* [PROBLEM] The pictures get left out, but everything else in the listing below must be duplicated exactly.
━━ GIVEN INFORMATION ━━
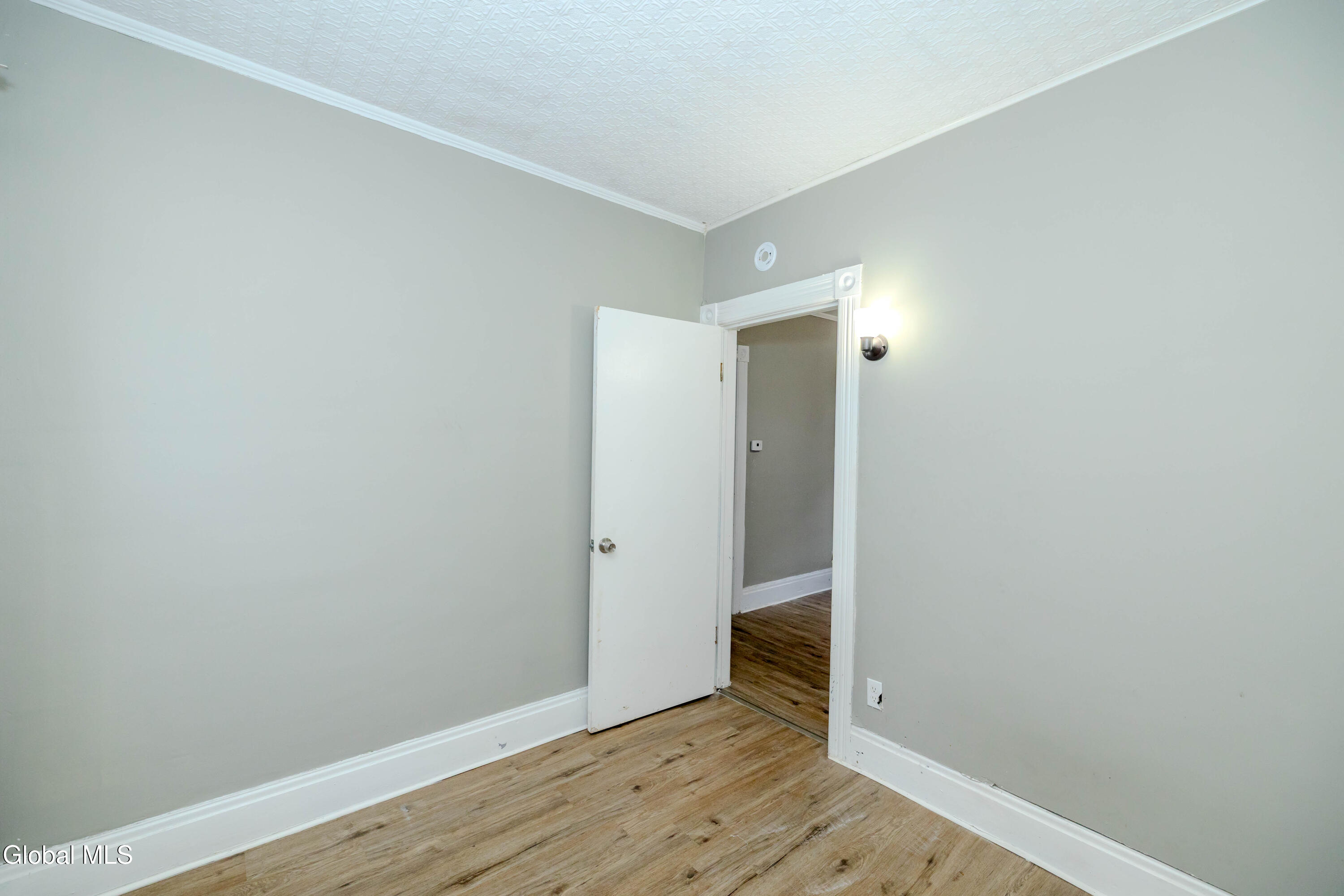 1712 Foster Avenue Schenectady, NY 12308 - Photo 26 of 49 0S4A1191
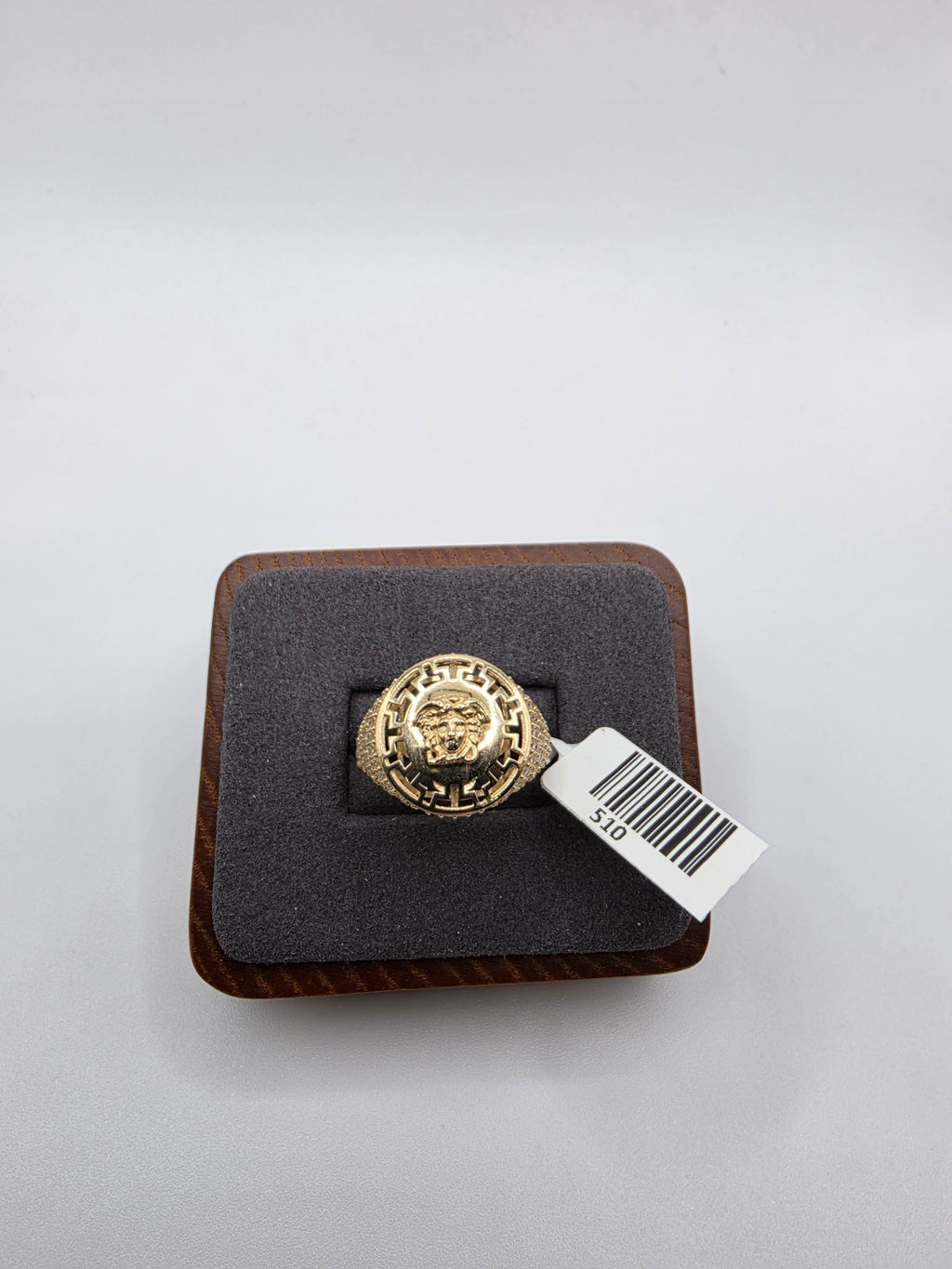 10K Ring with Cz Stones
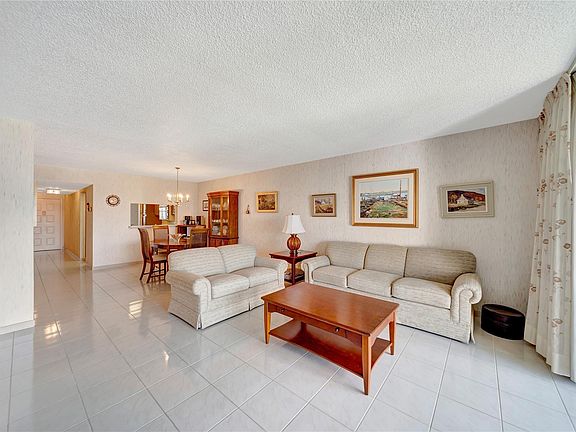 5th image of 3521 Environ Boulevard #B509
━━━
* [SOLUTION]
 1712 Foster Avenue Schenectady, NY 12308 - Photo 26 of 49 0S4A1191
 10K Ring with Cz Stones
 5th image of 3521 Environ Boulevard #B509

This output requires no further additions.